2) "Lonely 10, happy 10." o.o... I thought he is a nice person to feel like that and when I said "you're nice", he replied, "I am".
3) "We all need someone for support because that person understands you better than most".
4) "The fact that he or she is your friend" because "It's like having a family member you trust with everything" and "I trust them with everything, no secrets".
5) "Expressing my problems are difficult but helpful."
6) "Just their presence and seeing them happy." A very cheerful guy~


Analyzing
I thought many of their answers are similar and that having best friend(s), or even friends help reduce the loneliness because there is someone to talk to, which for best friends are more trustworthy, have a special connection with the best friend and his/her support when something happens. I think that is the general patterns in which deeper relationships work so I did not really ask for elaboration on many of the questions unless needed because it just seems natural that like those questions and I think others as well, we almost only have one answer. It is different for people who do not create a best-friend connection, and so person #2 has more to say, and I think, more thoughts into why having best friend might distant other friendships. And seeing the second question where it is the 1-10 scale of loneliness and happiness, all of them answer they are happier when there best friends are around and lonelier when they are not. Reasons that reduce the loneliness is the large and deep connection with another person that we can share our most, or at least deeper than the surface of our thoughts/feelings to others. When we have that deep link, like a bright lit light bulb, we feel happier but then when our link is quite on the surface, the light is not that bright.
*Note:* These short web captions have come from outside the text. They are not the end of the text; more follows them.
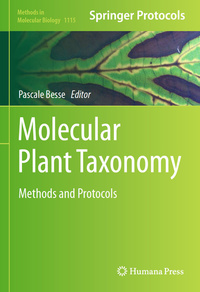 Molecular Plant Taxonomy - P. Besse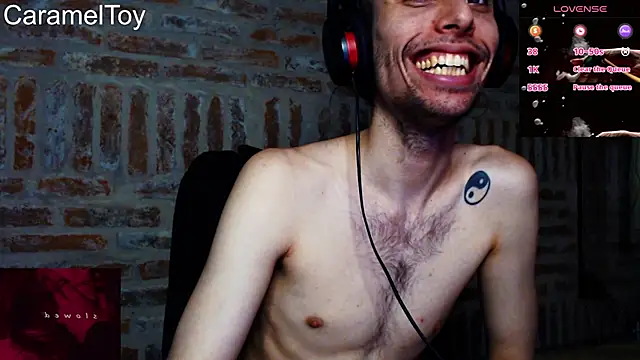 CaramelToy online show from February 2026 09:35:01 PM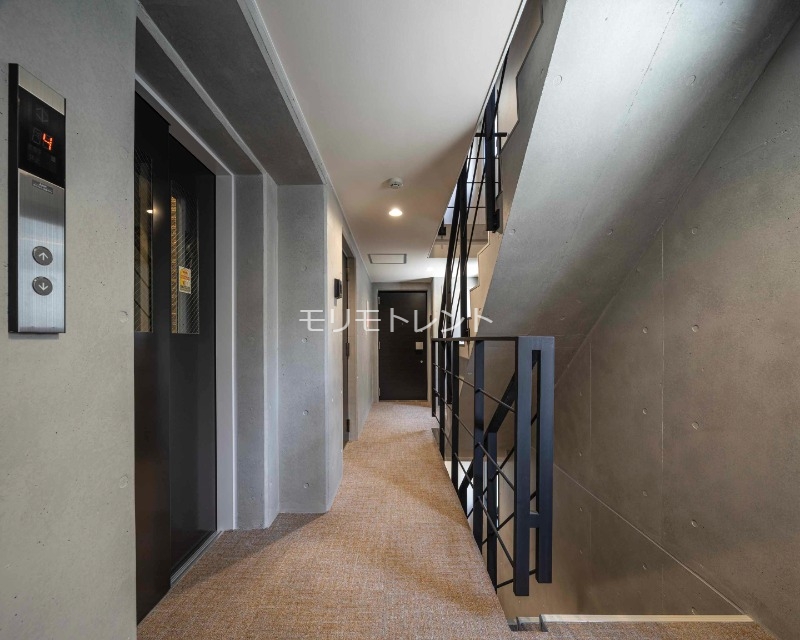 その他設備　共用廊下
I am not sure about those who have no best friends but think that all their friends are equal, whether they would feel lonelier or so, or that they are okay with not having best friends.
Extra thought: I wonder if I can find deeper reasons into why connections with each other, especially in the best-friend connection, help reduce loneliness but are there more loneliness when there is a fight? .... I think I will research more on that.

Website sources on loneliness:

Survey Question:
Having the presence of your best friend in anytime and greater in worst situations/circumstances help you reduce your loneliness?